Treadmill. Basically includes most everything you would need… motor, controller, power supply, wiring. All you would need to do is figure a way to mount it and put on an appropriate pulley. You can find them for free or really cheap almost every day on CL. I've grabbed 6 in the last year for free. Two were in such fantastic condition that I couldn't bring myself to tear them it apart, so gave one away to a family member, and kept one for the wife ;-)

Cheers,
Brad


----------



## wormil (Nov 19, 2011)

At least one LJ has converted Reeves to DC but I can't remember who.


----------



## pottz (Sep 15, 2015)

> Bob I could say
> 
> Sell it, a great machine in the wrong hands.
> 
> ...


dont let this guy scare ya he was a former gypsy him self-lol.no really hes a great guy and a good buddy and will help you in many ways.welcome to lumber jocks.


----------



## Bobholmes33 (Dec 15, 2017)

Figured out a salutation it cost about $120 bu was able to keep my grandfather's lathe going! Thank you all for your help!


----------



## bbasiaga (Dec 8, 2012)

Glad to hear. What did you Do?


----------



## Bobholmes33 (Dec 15, 2017)

I ordered parts for a Jet Lathe they were a little small. Had them machined out just a bit and now it works like a top. Took a risk but happy i did.


----------



## Jryanbarker2000 (Jun 29, 2018)

So I know I am way late to this party! However I had the same thing happen to my lathe. Some where I fell into a grizzly manual and found that this is very similar.

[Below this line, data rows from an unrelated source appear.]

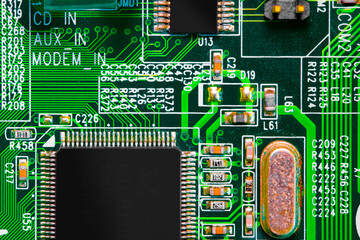 Close up of components and microchips on PC circuit board.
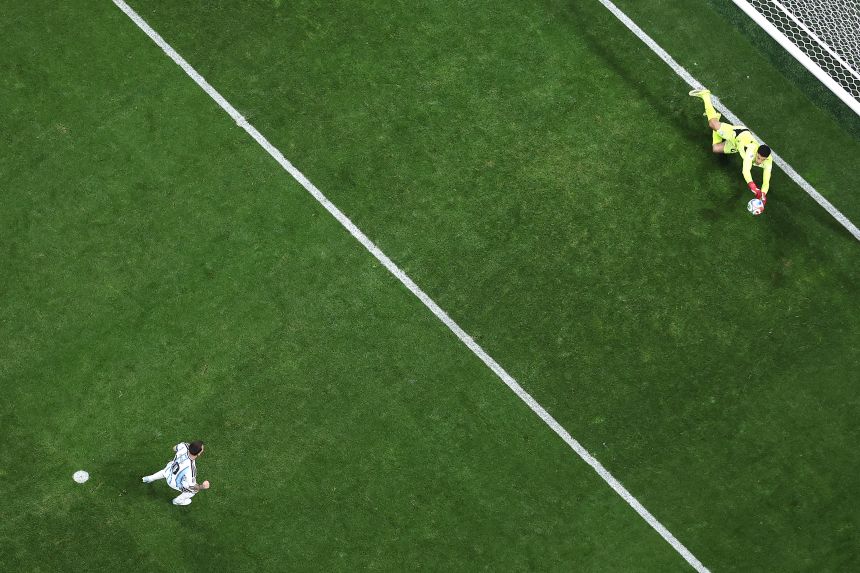 Mostafa Shoubir of Egypt makes a save against a penalty by Lionel Messi last week.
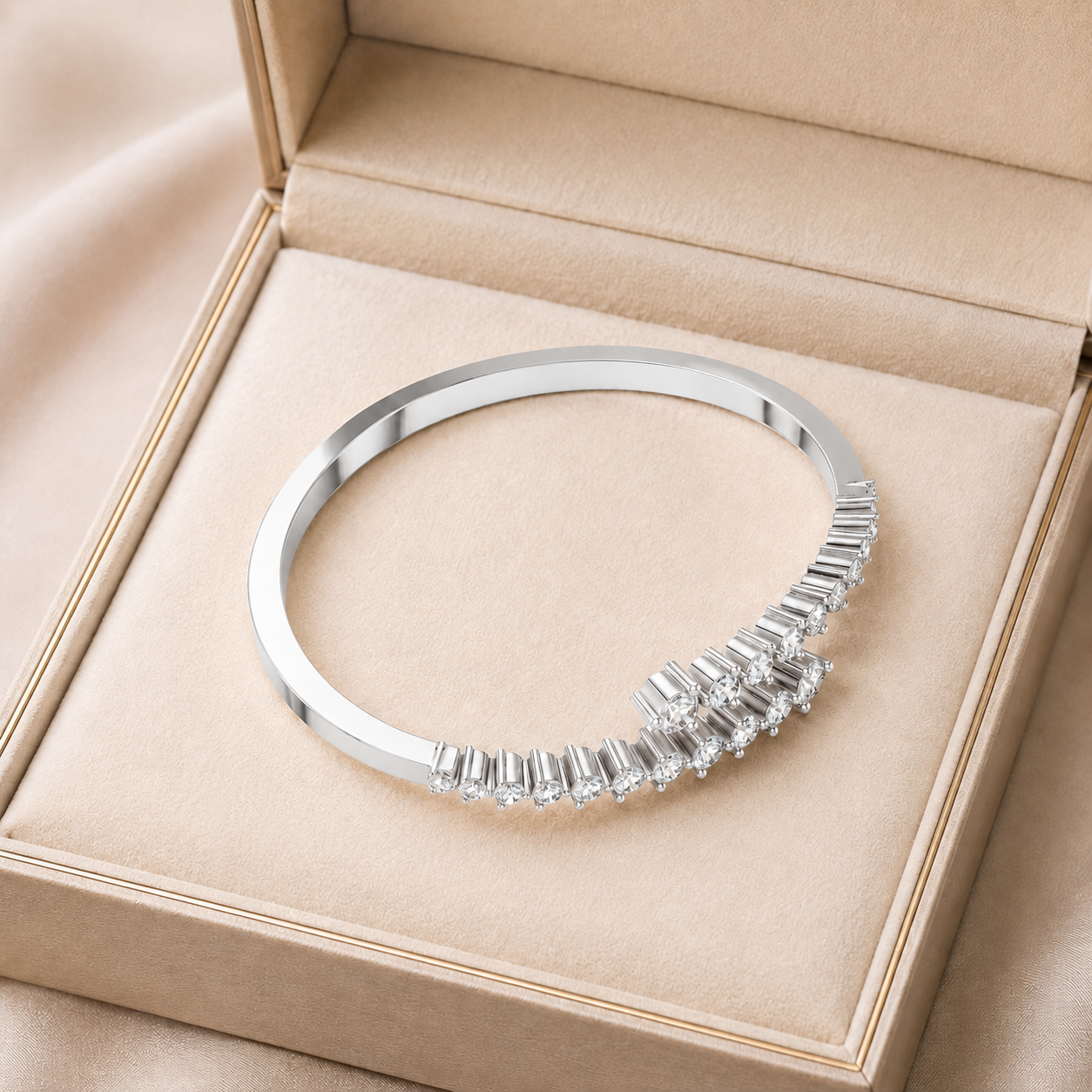 A polished silver-toned bangle bracelet with a curved row of clear baguette-cut stones, displayed inside an open beige jewelry box.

https://cdn0.grizzly.com/manuals/g1067_m.pdf

I had to have the pulley milled down a little to fit inside the housing but it did fit the shaft and is up and running. Hope it helps.

Ryan


----------



## PeteStaehling (May 3, 2015)

Do you have the broken pieces? A good welder may be able to weld the part back together. I used to know a talented guy who retired early from a job at a defense research lab and ran a little welding business when he wasn't hunting or fishing. He fixed a lot of racing motorcycle parts for me and for the ultralight aircrafts guys in the area. He even filled in missing areas with weld material. Sometimes the parts required a little filing or even machining, but none ever failed at his repair. Prices were reasonable. If you can find someone like him they would probably fix you up.


----------



## helluvawreck (Jul 21, 2010)

There are two machine shops in my town that fix things like this all the time. More than likely they could order a set of pulleys which may need just some fitting. In stead of a variable speed pulley they could also fit a set of step pulleys which may be fine. My brother and I used to have a moulding plant and I had a machine shop in the plant. I use to buy all kinds of old machines and machine parts. I modified and built special machines. If your town has around 10,000 people I can almost guarantee that you have such a machine shop. Maybe even several shops. Good luck. If you ever find a similar model lathe that is cheap you may want to buy it for parts just to have it for the parts.


----------



## anneb3 (Feb 23, 2014)

this is a guess but try Shopsmith, they use one, it may be the wrong size but worth a try.
I have a Shopsmith and used properly it works just fine


----------



## highmileranger (Feb 21, 2019)

I know this is an old thread but I have the AMT 5300 and needed a new reeves drive. I found that the jet JWL1236 is virtually the same lathe. I got a reeves drive from from ToolPartsDirect https://www.toolpartsdirect.com/jet-jwl-1236-12-x-36-woodworking-lathe.html The reeves pully for the motor was a perfect fit. The pully for the main shaft was a bit tight. A little work was needed with emory cloth to work the shaft down a little. I took off about 1 thousands inch off of the shaft so the inner sliding pully would slide when changing speeds on the lathe. It now works very well. The new parts are made from die cast zaymak but are beefier that the originals. hope this helps anybody looking for parts for the AMT 5300.


----------



## jacksdvds (Jun 13, 2015)

Measure the diameter and shaft. Looks like a Grizzly g0462 part would fit.


----------